Le vétéran leader indigène Salvador Zúñiga a raconté sur le site nicaraguayen www.tortillaconsal.com les souffrances du groupe de 300 manifestants qui se sont rendus de Tegucigalpa à la frontière pour se réunir avec Zelaya. "Il y a une guerre contre un peuple désarmé qui ne fait que réclamer que soit réinstallé le président pour qui nous avons voté pour qu'il gouverne quatre ans", a-t-il affirmé. "Ils en sont arrivés à emprisonner 300 personnes par jour, a-t-il dit. A El Paraiso, ils ne tenaient plus dans le commisariat et étaient emmenés au stade." À la sortie de la capitale, ils leur ont retiré les bus et ils ont continué à pied; après avoir éludé plusieurs barrages ils ont du prendre le large dans la montagne, parce qu'ils ont commencé à tirer sur eux. En arrivant aux villages, ils étaient dénoncés et ils devaient continuer de fuir. L'armée les a encerclés près de la frontière, les a arrêtés, les a frappés et ensuite, entassés, elle les a envoyés dans des fourgons à Tegucigalpa et San Pedro Sula. Seulement 40 ont réussi à passer au Nicaragua. "Les gens ont peur : c'est une situation difficile, a-t-il expliqué. Quand les personnes vont aux manifestations, elles sont actives. Mais elles sont seules, elles entrent en situation de panique."

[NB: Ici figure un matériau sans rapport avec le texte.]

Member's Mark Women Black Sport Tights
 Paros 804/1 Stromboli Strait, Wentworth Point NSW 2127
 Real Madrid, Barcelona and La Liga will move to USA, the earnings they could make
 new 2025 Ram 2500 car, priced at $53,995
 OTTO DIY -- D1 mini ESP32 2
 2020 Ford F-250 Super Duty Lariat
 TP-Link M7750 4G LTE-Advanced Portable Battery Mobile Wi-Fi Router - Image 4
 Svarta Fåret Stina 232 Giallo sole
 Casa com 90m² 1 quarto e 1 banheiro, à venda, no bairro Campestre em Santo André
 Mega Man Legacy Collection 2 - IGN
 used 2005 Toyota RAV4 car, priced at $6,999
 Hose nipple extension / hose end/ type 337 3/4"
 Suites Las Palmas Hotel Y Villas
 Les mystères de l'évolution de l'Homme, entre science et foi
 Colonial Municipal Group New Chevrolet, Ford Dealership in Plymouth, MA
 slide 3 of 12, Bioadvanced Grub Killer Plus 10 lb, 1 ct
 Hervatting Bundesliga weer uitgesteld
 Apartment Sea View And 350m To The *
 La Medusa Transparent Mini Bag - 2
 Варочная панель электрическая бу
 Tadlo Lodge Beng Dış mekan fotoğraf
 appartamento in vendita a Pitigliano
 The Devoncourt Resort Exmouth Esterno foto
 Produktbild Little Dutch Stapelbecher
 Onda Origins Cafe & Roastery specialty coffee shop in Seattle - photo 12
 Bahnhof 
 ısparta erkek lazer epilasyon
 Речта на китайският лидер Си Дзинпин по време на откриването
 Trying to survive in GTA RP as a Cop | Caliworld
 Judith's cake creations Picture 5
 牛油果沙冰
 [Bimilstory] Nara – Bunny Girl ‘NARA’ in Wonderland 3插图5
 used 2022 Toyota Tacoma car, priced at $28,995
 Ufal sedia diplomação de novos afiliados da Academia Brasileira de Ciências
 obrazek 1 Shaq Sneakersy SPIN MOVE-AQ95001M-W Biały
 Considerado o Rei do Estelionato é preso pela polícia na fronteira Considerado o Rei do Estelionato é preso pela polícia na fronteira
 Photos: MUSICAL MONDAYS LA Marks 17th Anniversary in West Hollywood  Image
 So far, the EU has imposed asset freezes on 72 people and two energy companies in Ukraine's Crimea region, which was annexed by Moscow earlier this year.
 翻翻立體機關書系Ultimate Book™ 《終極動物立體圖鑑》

Sur le site Honduras résiste (resistenciamorazan.blogspot.com), un des plus actifs dans la diffusion de dénonciations, est reproduit une interview que Radio Progreso a faite au père Faust Milla, un militant des droits de l'Homme qui travaille avec les indigènes, qui a été arrêté par les escadrons de la mort dans les années 80 et qui aujourd'hui est à l'abri. "J'ai vécu ces situations pendant douze ans, j'attendait la mort à n'importe quel moment, a-t-il évoqué. Il y a quelques jours ils sont venus me chercher à la radio dans laquelle je travaille, subrepticement. Je n'ai pas peur mais je fais attention. Bien que je ne sache pas combien j'endurerai enfermé, parce que je ne peux pas continuer de voir courir le sang. Je crois que dans l'histoire du Honduras une telle répression n'a jamais été vue, de manière si publique, autant à la vue de tous." Milla considère que si cette situation continue, "l'indignation du peuple va déborder, probablement de manière désordonnée". "Parce qu'il est impossible de continuer d'endurer cela - fait-il remarquer. Parfois ils ne donnent mëme pas d'eau aux blessés dans la prison. Violer les droits de l'homme fondamentaux pour ces groupes est un métier. Pour cela, ils le prennent avec naturel et peu leur importe que le monde entier les appellent criminels et bêtes. Mais le peuple s'est levé, s'est indigné, et a décidé maintenant de continuer de lutter pour la liberté pacifiquement, jusqu'où arrive la limite."

"Le secteur putschiste ne s'attendait pas à ce que les gens perdent la peur et soient préparés à dire les noms et prénoms de ceux qui sont derrière ce projet déshonorant de harcèlement, de persécution et de mort", a signalé Oliva, en assurant que la Cofadeh a comptabilisé 2702 arrestations illégales, une grande quantité de menaces directes de mort et neuf meurtres, "certains commis par des militaires habillés de civils". "Les putschistes sont peu nombreux, mais, il gèrent beaucoup d'argent et les médias sont de à eux - a signalé Milla-. Ils empoisonnent les gens et les remplissent de haine."

 

Angel Berlanga, Pagina/12, 06 aoüt 2009.